Et le régime nazi et la République islamique d'Iran, depuis leur création – respectivement en 1933 et en 1979 – tiennent les rênes d'un pouvoir fondé sur la terreur et mènent une politique basée sur l'antisémitisme et une expansion irrédentiste. Le Lebensraum (« l'espace vital ») nazi dépendait de la création de réseaux de soutien parmi les Volksdeutsche, ces Allemands de souche vivant à l'étranger. Tous deux sous l'influence d'une idéologie d'extrême-droite, partageant le même dédain pour leurs anciens gouvernements démocratiques, qu'ils considèrent comme décadents, et leur ressentiment à l'égard des Juifs. Tous deux essaimant des cellules dormantes à travers l'Europe pour créer le chaos en temps utile. Mais, par-dessus tout, l'antisémitisme a aussi créé une plate-forme de solidarité au sein des groupes nationalistes « non aryens » et dans les pays occidentaux qui percevaient le national-socialisme comme un bouclier contre une plus grande menace : le communisme soviétique.
L'antisémitisme a fourni des auxiliaires nazis même parmi les Slaves, qu'Hitler avait marqués sur sa liste de peuples à anéantir. La politique occidentale de conciliation s'est poursuivie malgré quelque deux décennies d'avertissements clairs : les déclarations de guerre du parti national-socialiste naissant contre les Juifs, le programme de réarmement massif du régime nazi, un terrorisme d'État à l'intérieur et à l'extérieur de l'Allemagne, des menaces proférées contre les pays qui manifestaient leur soutien à leurs minorités allemandes, des provocations continues pour tester la frilosité occidentale. C'étaient des signes qui auraient dû faire office de système d'alerte précoce au lendemain de la Première Guerre mondiale. Aujourd'hui, il est indéniable qu'ils doivent servir de baromètre. La révolution de l'ayatollah Khomeini, en 1979, a instauré la République islamique, dont la politique a pour fondement l'antisémitisme et une ambition de « califat » pour justifier ultimement le chiisme dans le monde islamique.
Aujourd'hui, les attaques contre les Juifs et contre l’État juif recueillent même le soutien des sunnites, bien qu'ils soient les prochains sur la liste de Téhéran des populations à anéantir.
L'Iran a essaimé des cellules chiites, à l'aide de son allié militaire le Hezbollah, à travers le Moyen-Orient, l'Europe, l'Afrique et l'Amérique latine. Ces cellules ont perpétré des attentats antisémites de Buenos Aires à la Bulgarie. Il existe une installation de missiles sous contrôle iranien sur la côte caraïbe du Venezuela, d'une portée qui peut atteindre Tampa, en Floride.

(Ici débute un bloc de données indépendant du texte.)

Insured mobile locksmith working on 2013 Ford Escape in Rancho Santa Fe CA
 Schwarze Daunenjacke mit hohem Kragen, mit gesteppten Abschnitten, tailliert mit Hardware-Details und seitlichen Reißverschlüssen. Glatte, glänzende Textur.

Des mosquées chiites apparaissent en Europe de l'Ouest, qui rivalisent avec les financements saoudiens sunnites dans les Balkans. L'Iran leur fait concurrence pour obtenir des soutiens politiques auprès de groupes de gauche et pour recruter de jeunes djihadistes de la diaspora musulmane, qu'elle soit chiite ou sunnite, toujours sur la base d'une hostilité commune envers les Juifs, Israël et l'Occident.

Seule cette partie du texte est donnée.